1.30.2008

John Edwards unexpectedly drops out, will not endorse today

In an unexpected move a week from Super Tuesday, John Edwards has dropped out of the presidential race. The AP is reporting that the candidate will announce his decision today from New Orleans.

Edwards's exit makes the race an Obama-Clinton duel, as all their rivals have dropped out; and it also means that only the two of them will be on stage tomorrow night at the CNN debate. Much of the drama in the previous debates had been based on who Edwards chose to side with, and there will be no tag-teaming this time around.

Edwards had rested most of his hopes on winning the Iowa caucuses, where he kept close to Obama and Clinton throughout 2007 but ended up falling short. He followed that up with a series of disappointing finishes, the last of which in South Carolina. In the process, Edwards injected themes of poverty and ethics in the campaign, relentlessly attacking his opponents for their ties to lobbyists and advocated for policies that were more progressive than had been heard for a long time in the Democratic Party.

The immediate consequence of Edwards dropping out is that he will not get delegates next week. He might get some here and there, as people could still vote for him and as many people have already done so in early-voting but he is unlikely to cross the 15% viability threshold in many places. That means that (1) Clinton and Obama will divide the delegates up between themselves, making it more likely there is some margin between them next Wednesday morning and (2) there will be no brokered convention.

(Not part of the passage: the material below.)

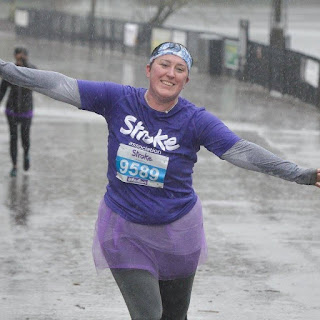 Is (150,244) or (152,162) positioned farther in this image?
(150,244)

For that to happen required Edwards to get many delegates to prevent either of his rivals from reaching a majority and emerge as king-maker.

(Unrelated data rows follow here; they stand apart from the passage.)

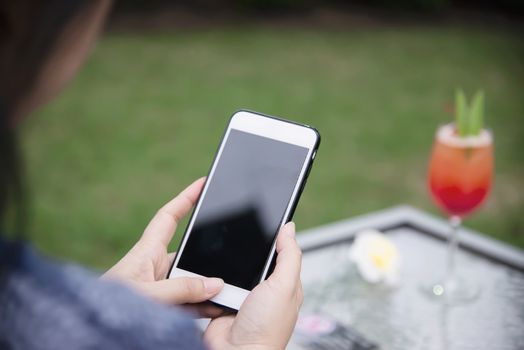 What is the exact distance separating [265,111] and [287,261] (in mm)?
2997

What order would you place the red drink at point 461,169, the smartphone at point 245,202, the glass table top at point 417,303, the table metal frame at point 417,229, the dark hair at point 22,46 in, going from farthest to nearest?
the table metal frame at point 417,229, the red drink at point 461,169, the glass table top at point 417,303, the smartphone at point 245,202, the dark hair at point 22,46

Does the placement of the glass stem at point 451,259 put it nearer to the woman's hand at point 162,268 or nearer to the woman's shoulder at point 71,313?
the woman's hand at point 162,268

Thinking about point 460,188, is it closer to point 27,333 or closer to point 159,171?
point 27,333

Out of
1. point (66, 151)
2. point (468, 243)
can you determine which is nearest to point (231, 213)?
point (468, 243)

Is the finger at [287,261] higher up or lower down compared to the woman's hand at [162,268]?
higher up

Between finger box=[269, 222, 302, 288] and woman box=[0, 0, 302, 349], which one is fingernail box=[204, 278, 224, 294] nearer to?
finger box=[269, 222, 302, 288]

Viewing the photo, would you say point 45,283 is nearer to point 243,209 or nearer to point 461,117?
point 243,209

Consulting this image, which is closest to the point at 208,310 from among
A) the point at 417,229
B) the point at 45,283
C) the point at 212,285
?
the point at 212,285

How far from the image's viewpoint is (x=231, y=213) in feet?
3.39

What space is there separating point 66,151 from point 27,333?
296 centimetres

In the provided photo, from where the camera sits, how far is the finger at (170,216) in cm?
102

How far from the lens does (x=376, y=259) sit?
1353mm

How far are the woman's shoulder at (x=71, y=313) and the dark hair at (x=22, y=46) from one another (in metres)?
0.04

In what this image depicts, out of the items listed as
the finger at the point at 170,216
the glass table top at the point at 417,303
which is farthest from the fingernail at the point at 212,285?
the glass table top at the point at 417,303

The million dollar question now is who Edwards's supports will migrate to (and whether Edwards will endorse): This is 10% to 15% of the electorate we are talking about, and it could make the difference in tight delegate races next week if the majority of voters go for one candidate. It is very difficult to determine if that is likely to happen and where voters might go.

On the one hand, the obvious answer seems to be that Barack Obama stands to benefit from this, as Edwards's voters tend to be anti-Clinton. Edwards himself had often sided with Obama at debates, famously deriding Clinton as the candidate of the status-quo. This was obvious in Iowa, where Edwards supporters chose Obama primarily as their second-choice. The argument here also goes that the party's left, Edwards's base, would prefer Obama to Clinton.

But the dynamics could be different in February 5th states, where Clinton is much more at ease than in Iowa and where she holds a lead already, much of which comes from voters knowing her better than they do her rivals. In this context, the natural choice some Edwards supporters could be led back to their starting point, Hillary Clinton. And it is unclear whether the party's left will really prefer Obama over Clinton, given that the Illinois Senator has been heavily criticized for going too far to the center and emphasizing his message of unity too much. Furthermore, exit polls suggested that the Edwards voters do not tend to be that liberal anyway, and that Edwards tends to do better among conservative Democrats, which makes things even more confusing. For all it's worth, the LA Times poll of late January noted that, when asked to realign, "slightly more Edwards voters leaned toward Clinton than toward Obama, the poll found."

The best way to determine Edwards's impact might be to look at his strongest demographics; but even that yields few results. Edwards tends to do better among males, a group Clinton has struggled with which bodes well for Obama. On the other hand, Edwards's strength is among whites and he is already nowhere in the black vote. Given the campaign's racial polarization over the past few weeks, that could ultimately end up helping Clinton. Similarly, Edwards is strong among union workers and lower-class voters, a constituency that is one of Clinton's strongest.

So who Edwards helps depends on the region of the country, perhaps. In the South where the electorate looks particularly polarized -- just look at South Carolina -- Edwards's exit could make the white vote go more towards Clinton, giving her an opening to win states like Georgia and Alabama. In states outside of the South, Obama is much more comfortable winning the white vote -- as he did in Iowa -- and this should cause a problem for him. As most of the battleground states of Super Tuesday are not in the South but in the Midwest, Northeast and Southwest, this factor should not be that determinant.

Ultimately, the bottom line is that Edwards's withdrawal gives Obama an opening, 10% of the electorate that is now without a candidate and that could be convinced just in time for Super Tuesday in which he needs to move a significant amount of the votes fast. And since Clinton wants to keep the votes as stable as possible, such massive a portion of the electorate suddenly floating at such a crucial time of the campaign -- and at a time Clinton has been falling a bit -- is bad news.

Update: It looks like Edwards will not be endorsing today but aides of his campaign are telling the media that he might still announce his support for a candidate by February 5th which could obviously be a huge development. However, Marc Ambinder reports that aides are saying to not expect an endorsement in the near future. Overall, it is very difficult to imagine Edwards endorsing Clinton; after all, while he has had some very harsh exchanges with Obama (at the last debate, over health care, over union involvement in Iowa) most of his attacks have long been centered on Clinton and her ties to the status-quo and to lobbyists. His January 5th performance where he described Obama as a fellow candidate of change gives us a good idea of where he is heading.